The findings from this study have broad implications for chronic inflammatory disorders beyond IBD. While the research was conducted on mice, it’s possible a similar metabolic switch may be at play in other conditions, such as rheumatoid arthritis. This is why leveraging such a metabolic switch may be most effective when a person is in remission, as the tissue has healed and regained its normal structure.

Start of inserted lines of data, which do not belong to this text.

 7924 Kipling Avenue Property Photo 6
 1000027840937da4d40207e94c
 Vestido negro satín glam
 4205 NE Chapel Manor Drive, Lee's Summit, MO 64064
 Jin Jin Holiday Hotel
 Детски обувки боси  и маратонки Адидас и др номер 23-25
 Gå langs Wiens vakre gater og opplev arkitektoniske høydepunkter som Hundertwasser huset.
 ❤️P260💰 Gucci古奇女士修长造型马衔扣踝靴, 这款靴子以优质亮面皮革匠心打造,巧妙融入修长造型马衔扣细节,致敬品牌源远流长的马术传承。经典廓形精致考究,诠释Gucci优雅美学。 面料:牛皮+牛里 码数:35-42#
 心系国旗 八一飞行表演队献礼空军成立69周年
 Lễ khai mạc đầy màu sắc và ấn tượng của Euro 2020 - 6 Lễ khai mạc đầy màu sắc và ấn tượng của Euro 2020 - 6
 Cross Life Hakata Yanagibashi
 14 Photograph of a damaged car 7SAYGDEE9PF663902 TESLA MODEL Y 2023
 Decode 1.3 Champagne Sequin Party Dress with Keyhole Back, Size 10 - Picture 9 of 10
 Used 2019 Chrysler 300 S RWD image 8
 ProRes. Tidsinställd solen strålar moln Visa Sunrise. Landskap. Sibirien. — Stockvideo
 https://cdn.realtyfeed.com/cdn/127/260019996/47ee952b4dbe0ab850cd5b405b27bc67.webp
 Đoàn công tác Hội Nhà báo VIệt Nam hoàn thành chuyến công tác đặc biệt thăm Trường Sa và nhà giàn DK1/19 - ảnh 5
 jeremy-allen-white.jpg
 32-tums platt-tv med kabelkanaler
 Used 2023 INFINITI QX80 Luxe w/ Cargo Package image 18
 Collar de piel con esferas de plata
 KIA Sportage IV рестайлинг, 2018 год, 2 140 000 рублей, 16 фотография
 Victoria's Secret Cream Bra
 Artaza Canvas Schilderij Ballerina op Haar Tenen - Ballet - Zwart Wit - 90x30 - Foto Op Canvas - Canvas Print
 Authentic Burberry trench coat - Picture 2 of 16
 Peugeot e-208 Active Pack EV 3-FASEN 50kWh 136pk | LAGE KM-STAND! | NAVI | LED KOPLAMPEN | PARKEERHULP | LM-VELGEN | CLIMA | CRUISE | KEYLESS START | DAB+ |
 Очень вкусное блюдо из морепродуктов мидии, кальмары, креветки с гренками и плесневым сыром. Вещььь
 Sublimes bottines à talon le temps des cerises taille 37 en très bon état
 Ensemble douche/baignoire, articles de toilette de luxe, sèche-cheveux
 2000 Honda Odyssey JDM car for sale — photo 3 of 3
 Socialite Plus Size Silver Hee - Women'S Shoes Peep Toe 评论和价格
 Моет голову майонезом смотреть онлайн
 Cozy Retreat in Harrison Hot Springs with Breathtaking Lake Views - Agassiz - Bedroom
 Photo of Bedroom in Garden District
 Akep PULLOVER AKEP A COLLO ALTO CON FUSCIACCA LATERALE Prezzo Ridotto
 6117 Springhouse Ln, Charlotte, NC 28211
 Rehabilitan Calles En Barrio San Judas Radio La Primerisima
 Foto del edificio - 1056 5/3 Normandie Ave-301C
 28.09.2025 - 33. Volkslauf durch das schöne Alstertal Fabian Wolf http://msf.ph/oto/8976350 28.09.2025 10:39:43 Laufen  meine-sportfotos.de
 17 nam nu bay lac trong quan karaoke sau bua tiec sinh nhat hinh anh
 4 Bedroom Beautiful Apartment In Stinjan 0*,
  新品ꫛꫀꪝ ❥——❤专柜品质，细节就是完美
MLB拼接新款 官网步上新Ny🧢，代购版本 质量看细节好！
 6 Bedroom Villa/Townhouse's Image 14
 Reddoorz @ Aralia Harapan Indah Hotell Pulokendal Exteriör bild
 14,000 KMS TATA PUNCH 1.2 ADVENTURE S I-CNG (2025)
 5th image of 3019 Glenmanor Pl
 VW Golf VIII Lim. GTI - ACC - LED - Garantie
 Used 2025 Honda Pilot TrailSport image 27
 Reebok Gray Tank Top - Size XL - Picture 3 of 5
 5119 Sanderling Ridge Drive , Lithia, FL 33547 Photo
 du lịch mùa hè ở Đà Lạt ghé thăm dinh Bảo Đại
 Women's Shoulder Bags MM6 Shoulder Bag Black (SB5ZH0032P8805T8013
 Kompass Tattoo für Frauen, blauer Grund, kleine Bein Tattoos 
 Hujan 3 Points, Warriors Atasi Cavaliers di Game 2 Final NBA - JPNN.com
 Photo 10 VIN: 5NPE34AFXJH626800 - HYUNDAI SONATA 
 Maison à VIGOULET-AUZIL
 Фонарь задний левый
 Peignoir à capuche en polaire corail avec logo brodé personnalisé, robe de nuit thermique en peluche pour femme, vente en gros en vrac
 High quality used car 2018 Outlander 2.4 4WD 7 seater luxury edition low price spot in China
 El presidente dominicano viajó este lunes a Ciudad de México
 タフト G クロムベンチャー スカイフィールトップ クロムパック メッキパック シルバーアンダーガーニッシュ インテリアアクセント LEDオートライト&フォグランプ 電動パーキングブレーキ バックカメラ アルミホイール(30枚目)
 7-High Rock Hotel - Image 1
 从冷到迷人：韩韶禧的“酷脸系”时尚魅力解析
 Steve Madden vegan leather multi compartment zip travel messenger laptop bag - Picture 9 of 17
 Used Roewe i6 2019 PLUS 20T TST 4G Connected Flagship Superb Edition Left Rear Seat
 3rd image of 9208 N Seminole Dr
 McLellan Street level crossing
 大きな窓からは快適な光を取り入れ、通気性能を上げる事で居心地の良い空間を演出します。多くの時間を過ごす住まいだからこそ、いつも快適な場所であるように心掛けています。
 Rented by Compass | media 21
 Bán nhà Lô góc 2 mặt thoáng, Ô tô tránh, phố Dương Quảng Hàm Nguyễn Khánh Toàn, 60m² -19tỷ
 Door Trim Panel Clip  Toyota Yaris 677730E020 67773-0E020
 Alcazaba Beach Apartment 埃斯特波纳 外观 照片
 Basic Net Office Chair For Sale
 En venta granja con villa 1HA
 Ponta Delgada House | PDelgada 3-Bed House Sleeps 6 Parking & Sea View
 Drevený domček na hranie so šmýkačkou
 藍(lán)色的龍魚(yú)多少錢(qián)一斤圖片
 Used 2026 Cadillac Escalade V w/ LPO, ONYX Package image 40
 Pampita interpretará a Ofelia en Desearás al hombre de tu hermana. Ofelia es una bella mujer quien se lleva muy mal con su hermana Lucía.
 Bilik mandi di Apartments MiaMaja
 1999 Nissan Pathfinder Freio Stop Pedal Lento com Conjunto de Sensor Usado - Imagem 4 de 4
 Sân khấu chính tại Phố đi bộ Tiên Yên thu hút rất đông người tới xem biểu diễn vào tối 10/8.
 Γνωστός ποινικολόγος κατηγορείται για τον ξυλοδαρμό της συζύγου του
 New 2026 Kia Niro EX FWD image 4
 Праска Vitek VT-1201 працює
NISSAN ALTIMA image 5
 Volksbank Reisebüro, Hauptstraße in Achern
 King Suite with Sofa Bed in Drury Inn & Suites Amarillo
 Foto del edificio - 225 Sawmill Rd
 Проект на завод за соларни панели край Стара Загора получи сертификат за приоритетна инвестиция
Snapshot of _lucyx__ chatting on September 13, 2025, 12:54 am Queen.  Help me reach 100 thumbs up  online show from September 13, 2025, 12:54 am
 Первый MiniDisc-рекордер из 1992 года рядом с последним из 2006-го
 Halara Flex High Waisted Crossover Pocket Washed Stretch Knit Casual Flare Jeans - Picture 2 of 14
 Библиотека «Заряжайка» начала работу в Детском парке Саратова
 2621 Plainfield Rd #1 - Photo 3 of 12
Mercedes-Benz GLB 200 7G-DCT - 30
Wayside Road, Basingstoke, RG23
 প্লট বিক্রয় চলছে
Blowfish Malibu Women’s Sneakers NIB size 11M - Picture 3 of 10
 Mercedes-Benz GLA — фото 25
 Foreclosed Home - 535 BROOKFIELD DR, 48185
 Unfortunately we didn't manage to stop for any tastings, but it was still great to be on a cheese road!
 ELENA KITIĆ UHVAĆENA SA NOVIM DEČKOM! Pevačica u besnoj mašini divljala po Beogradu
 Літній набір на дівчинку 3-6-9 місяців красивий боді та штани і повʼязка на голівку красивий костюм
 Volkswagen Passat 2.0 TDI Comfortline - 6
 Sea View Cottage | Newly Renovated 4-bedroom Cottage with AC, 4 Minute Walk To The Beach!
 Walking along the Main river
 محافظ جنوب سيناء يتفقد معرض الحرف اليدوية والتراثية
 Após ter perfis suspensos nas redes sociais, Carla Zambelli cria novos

The research moves us away from simply reacting to inflammation and toward a future where we can proactively program our bodies to resist disease. It shows that by understanding and harnessing the body’s natural processes, we can usher in a new era of medicine focused on prevention and long-lasting health.
Paper Summary
Methodology
The researchers conducted a series of experiments using adult mice on a C57Bl/6J background. They used substances such as dextran sodium sulfate (DSS) to cause inflammation and recombinant IL-18 (rIL-18) to study its effects. The team analyzed the results using various techniques, including single-nucleus ATAC-seq to study gene expression. The sample sizes for the experiments varied, ranging from as few as n=4 to as many as n=34 in some survival studies.
Results
The study found a new innate immune circuit that can program long-term intestinal tolerance. This tolerance is triggered by the protein IL-18, which activates a transporter protein called SLC12A3 (NCC). This action causes a “metabolic switch” in intestinal macrophages, changing their energy source from sugar (glycolysis) to fatty acid oxidation (FAO), which makes them tolerant to inflammation. The researchers also found that this tolerant state is maintained by a “bistable circuit” that encodes a memory of the IL-18 stimulation, allowing the macrophages to stay in a peaceful state for weeks.
Limitations
A key limitation of the study is that it was conducted on mice, so the findings may not directly translate to humans. The paper also notes that the function of IL-18 and other signaling molecules is highly “context-dependent,” meaning their effect can change depending on the state of the inflammation. The researchers also stated that the metabolic switch may be most effective when a person is in a state of remission.
Funding and Disclosures
The authors declare no competing financial interests. The work was supported by grants from the Crohn’s and Colitis Foundation, NIH, and the Kenneth Rainin Foundation. Funding was also provided by the Department of Defense through the National Defense Science & Engineering Graduate (NDSEG) Fellowship Program.
Publication Information
The paper is titled “A metabolic switch orchestrated by IL-18 and the cyclic dinucleotide cGAMP programs intestinal tolerance”. It was published in the journal Immunity on September 10, 2024, in Volume 57, pages 2077–2094. The paper’s DOI is 10.1016/j.immuni.2024.06.001.